Advanced games are very demanding in terms of computers’ technical resources: processor speed, graphics card, sound card and memory size, to mention only the essential elements. How is the cloud going to cope with these requirements? It is probably going to be up to the job thanks to the fast fibre optic Internet, mainly. With the higher speeds now in the range of 500 Mbps to 1,000 Mbps, we are in the age of real-fast connections. ADSL that seems so impressive yesterday is practically a defunct technology today.

According to Wikipedia: “Stadia will require at least 10 Mbps for 720p 60 FPS Stereo, 20 Mbps for 1080p HDR Video 60 FPS 5.1 Surround, and 35 Mbps for 4K HDR Video 60 FPS 5.1 Surround.” Therefore a good fibre optic subscription will be more than enough.

Moving advanced gaming to the cloud will open the door to a market that is expected to attract billions of players — this is quite a substantial part of the world’s population. Especially that it will be available on mobile equipment too and not just on full-size desktop computers or big laptops. Besides, we know how powerful high-end models of smartphones and tablets are.

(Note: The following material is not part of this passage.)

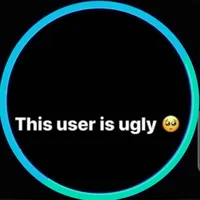 original sound - wigginwick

It is expected that Google will offer free trials at the beginning. What better way to attract gamers?

Having found a “Stadia Founder Edition” already available at $129 on the web, I was naturally curious and clicked on the link, only to be served a screen saying “We aren’t in your country yet”! So the whole concept is still new and one has to be patient to see it in motion for real.

Reviewers on the French tech channel “Tech-24” are telling us “don’t discard your game console, yet”. Consoles will still be fashion and in dynamic action for some time, particularly for those who do not yet enjoy fast fibre optic Internet or who prefer to stay far from the cloud when playing. Still Stadia and the other similar online gaming products to come are going to change the face of advanced gaming as surely as Netflix has changed our video and film watching habits.